Rikus, I hope that you and your family, in time, can move-on from this very sad place where you are now. I hope that a time will come in the future when thoughts of your son won't just bring tears, but also a few smiles.
Our thoughts are with you, and hope to see you soon.
Henk
Dankie Henk. Ek beplan om in my volgende blog die nuutste nuus te gee oor hoe dit gaan
Hi Rikus en Heleen,
Dis werklik hartverskeurend - ek kan my nie indink nie! Veral juis nou is ek ekstra emosioneel oor die kleinste dingetjie en wil nie weet hoe so iets aan jou hart ruk en bly ruk nie. Dankie vir die deel. Dink aan julle - baie sterkte!
Corlia
Thanks for sharing your experience. I particularly appreciate the pointers on how grieving parents need to be treated. So often one is at a loss as to what to say and is scared to do the wrong thing to add to the grief - if I talk about it, would it hurt? ... if I ignore it, would it seem as if I don't care? ... what if I say the wrong thing? But your comments show clearly that it is not so hard at all: just be there for your friends who are grieving, let them talk, and do not forget that the loss is going to be there for a long long time!

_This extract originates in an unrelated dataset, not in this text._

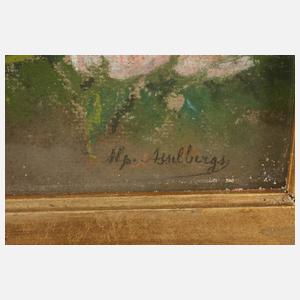 Alphonse Asslbergs, Blumenstück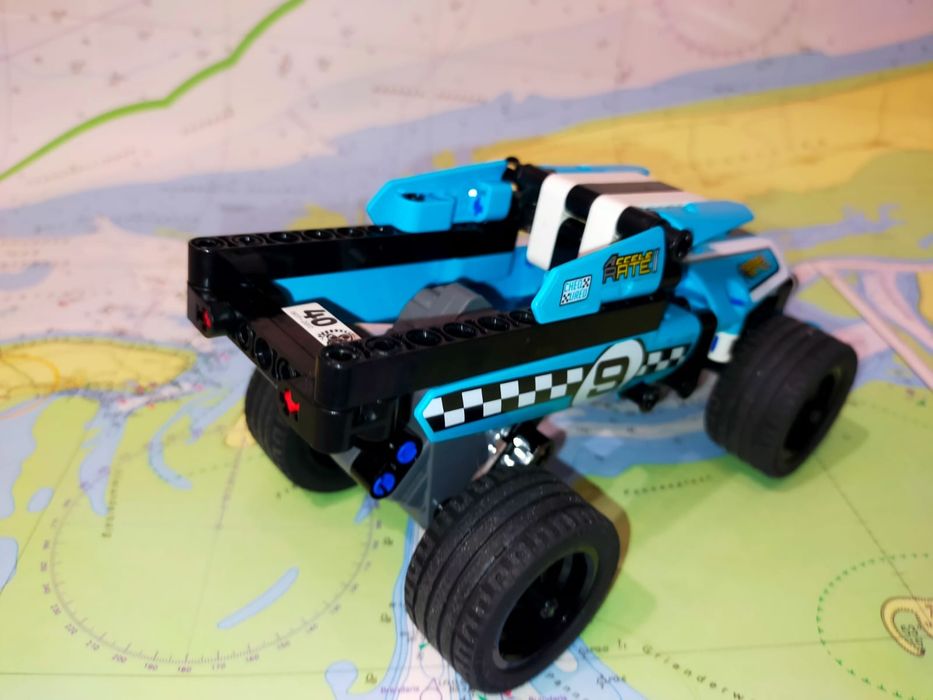 LEGO Technic 42059 Kaskaderska terenówka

You are very bold in sharing these personal feelings - but I am sure it will help many who have never been in your shoes to be more sensitive and understanding.
Hi Ricus
Ek was baie hartseer toe ek jou blog lees. Ek en John het n babatjie op 11 weke en 6 dae verloor. Ek kan nie dink hoe dit moes wees op 36 weke nie. Ek is net bly dat julle die Here in julle huwelik en lewens het, so iets kan en wil n mens nie op jou eie verwerk nie. Ek dink aan julle. Ek glo die seer sal julle altyd bybly.
En dan heel laaste bid ek vir julle en almal wat al babas verloor het.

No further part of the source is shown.